Ever since President James Monroe announced the Monroe Doctrine in 1823, which declared that Latin America was off limits to any other world power, it has remained a reliable backyard of the United States. Especially since the end of World War II, the United States has had a say in all major Latin American affairs, extending to orchestrating wars or regime changes against countries that opposed it.

However, since the 1990s, it seems that the US policy has not been achieving the desired effect.

In 2003, members of the Organization of American States (OAS) unanimously condemned the failed coup in Venezuela, in line with its Inter-American Democratic Charter.

Later, the OAS members vetoed the US-backed candidate for the new OAS secretary-general. The American Free-Trade Zone, for which the White House started to push in 2001, seems to be in tatters as the Southern Common Market has evolved, linking four South American countries with a population of 190 million.

Last year, elections took place in 10 countries in Latin America, of which seven elected presidents were seen as either anti-American or not worthy of American attention. Against the wishes of the United States, Latin American countries also joined a conference with heads of states from Arab countries last year.

As longtime leader of the Americas, the United States can no longer sit still.

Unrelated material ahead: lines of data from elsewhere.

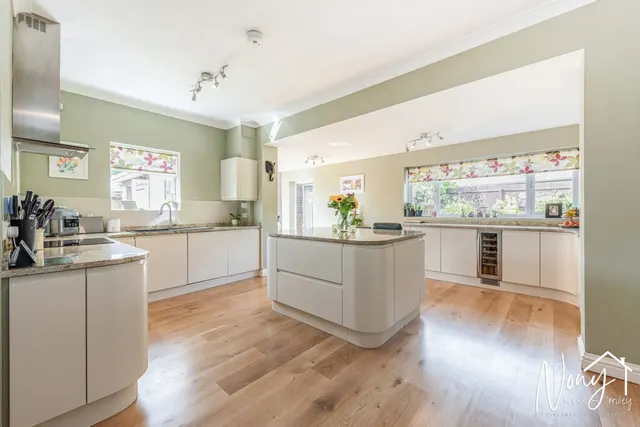 Mount Close, Bereweeke, SO22, photo 2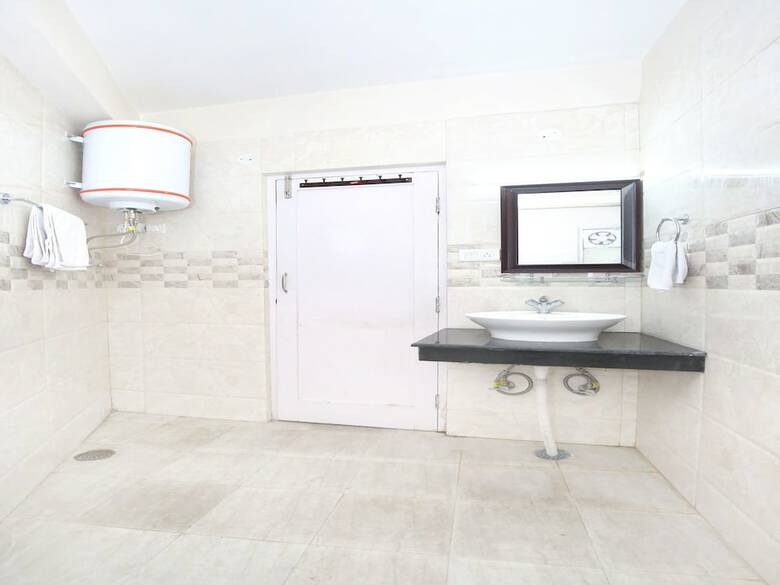 Apartamentos Oyo 11584 Home Modern Studio Kasumpti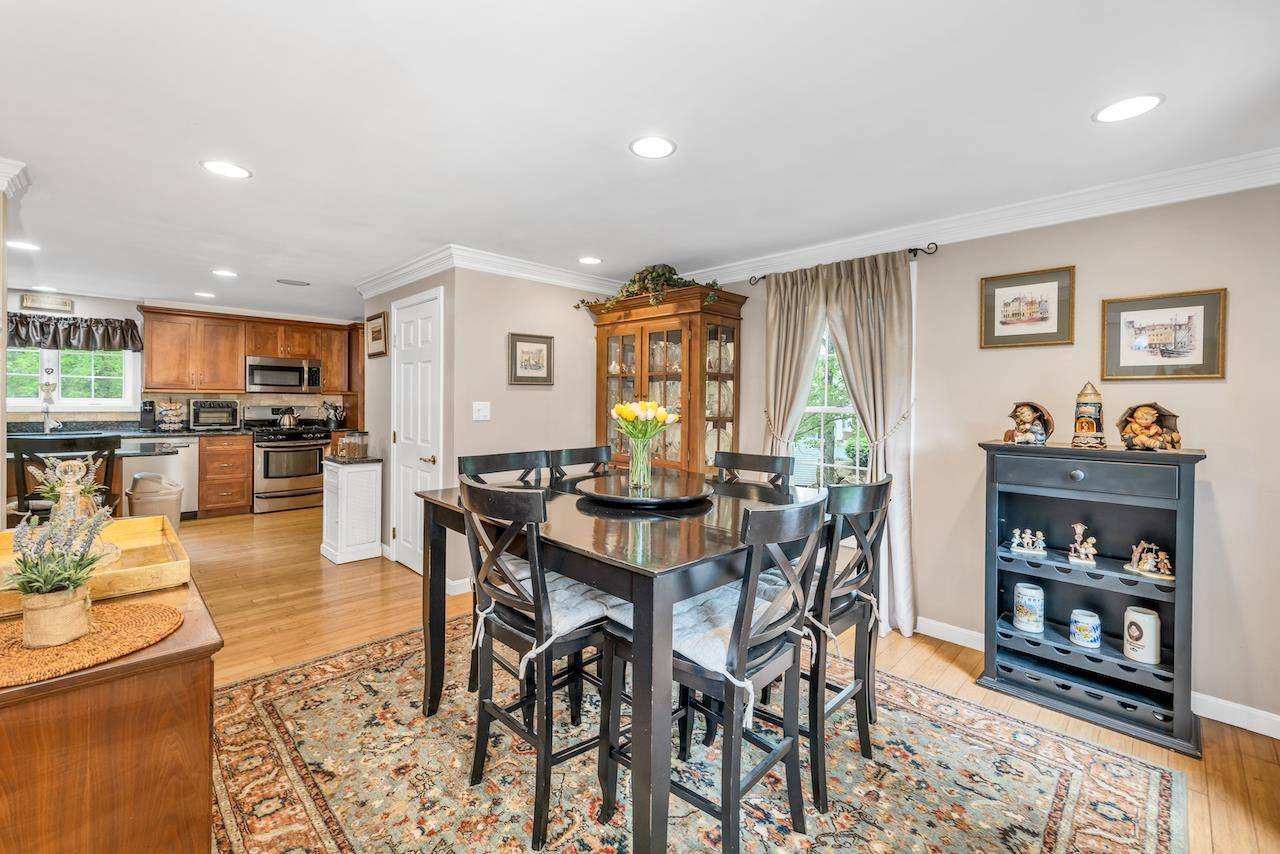 31 Wood Hill DR Auburn, NH 03032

Bush has ventured south against all odds. The huge amount of promised assistance from the US may not be able to pay to open all channels and mend the fence. The US has to dig deeper into the roots of its disfavor with the Latin American countries and work harder at its strategic orientation.

Even without opening old wounds, the 1980s alone was the lost decade for Latin America. In 1990, the US worked out the Washington Consensus, which on the surface was attempting to help Latin American countries to regain what they'd lost in the previous 10 years.

However in actuality, the 10 reform measures from the Washington Consensus ignored the interests and realities of those countries while demanding that they open all their manufacturing and capital markets, loosen their control over foreign currencies, and achieve an absolute market economy.

These measures, interfering in the internal affairs of these countries, have done more harm than good for those countries.

Local Mexican media pointed out that the Washington Consensus does not hide its intention of forcing the Americas onto the US track, but not a single economic and political jacket the United States has made fits the region.

The Latin American countries have also learned painful lessons from the 1997 Asian financial crisis and the shock therapy in Russia.

As a result, these countries are in search of a growth formula better suited to their own circumstances. They are demanding that new cooperative relationships be established on an equal footing with the United States.

Carrying with him plenty of offers on his visit to the five countries in Latin America, Bush will surely make some headway in improving US relations.

But the best way to basically reverse the deteriorating trend in the relations between the United States and the region in the words of local Mexican media is for the United States to recognize that it has neither the responsibility nor the duty to order the Latin American people around and tell them what to do.

Wang Yusheng is a senior diplomat and a Beijing-based researcher in international relations.